Entertainment

'Smash' Fans, You Need To See 'Brooklyn'

by Sage Young

The movie industry has owed me a period romance for quite some time now, and here comes Brooklyn to deliver. The adaptation of Colm Tóibín's 2009 novel stars Saoirse Ronan as an Irish immigrant and Emory Cohen as the Italian-American boy who helps her to finally feel at home in New York City. And if you thought Tony was a dream in the book, get ready to see him in all his two-dimensional glory. Even the hardest, most cynical hearts won't be able to resist the way Cohen plays Tony in Brooklyn , giving an aw-shucks portrayal to Eilis's boyfriend. It's a charming, star-making performance, but Cohen actually isn't a total unknown.
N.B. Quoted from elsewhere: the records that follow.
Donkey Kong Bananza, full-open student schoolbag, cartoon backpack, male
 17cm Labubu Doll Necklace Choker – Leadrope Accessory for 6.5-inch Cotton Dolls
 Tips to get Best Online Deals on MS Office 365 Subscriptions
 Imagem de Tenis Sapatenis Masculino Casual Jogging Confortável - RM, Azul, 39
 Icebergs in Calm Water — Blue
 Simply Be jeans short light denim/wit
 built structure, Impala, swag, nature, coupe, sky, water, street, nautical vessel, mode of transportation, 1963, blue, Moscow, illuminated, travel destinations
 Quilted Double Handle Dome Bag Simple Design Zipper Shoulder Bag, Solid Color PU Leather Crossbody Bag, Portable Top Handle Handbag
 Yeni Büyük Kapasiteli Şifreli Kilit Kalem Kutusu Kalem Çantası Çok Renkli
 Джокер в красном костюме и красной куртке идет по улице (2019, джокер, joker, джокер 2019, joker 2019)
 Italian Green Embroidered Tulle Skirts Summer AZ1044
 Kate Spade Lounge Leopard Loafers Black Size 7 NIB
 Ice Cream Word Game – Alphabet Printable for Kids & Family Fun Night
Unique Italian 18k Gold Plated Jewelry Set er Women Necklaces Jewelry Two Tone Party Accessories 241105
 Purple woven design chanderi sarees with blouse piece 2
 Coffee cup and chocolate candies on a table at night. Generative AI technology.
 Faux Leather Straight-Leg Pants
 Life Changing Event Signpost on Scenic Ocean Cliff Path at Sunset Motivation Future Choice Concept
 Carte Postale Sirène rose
"He's zero to a hundred," Cohen told Hypable of Brooklyn 's Tony. "He lives impulsively. And that was something I identified with." The festival darling film represents the actor's first major romantic lead; and, in my opinion, he slips flawlessly into the genre. After I left the theater, I found myself immediately thumbing through his credits to work out why he was familiar to me. And while I found a respectable list of indie features there, there was one role that immediately stuck out as the one that had been sitting in the back of my mind, waiting to be identified: Emory Cohen played Julia's son Leo on NBC's musical theater drama Smash. From sullen teen to gentle, grown-up hero — the transformation has been quick and complete.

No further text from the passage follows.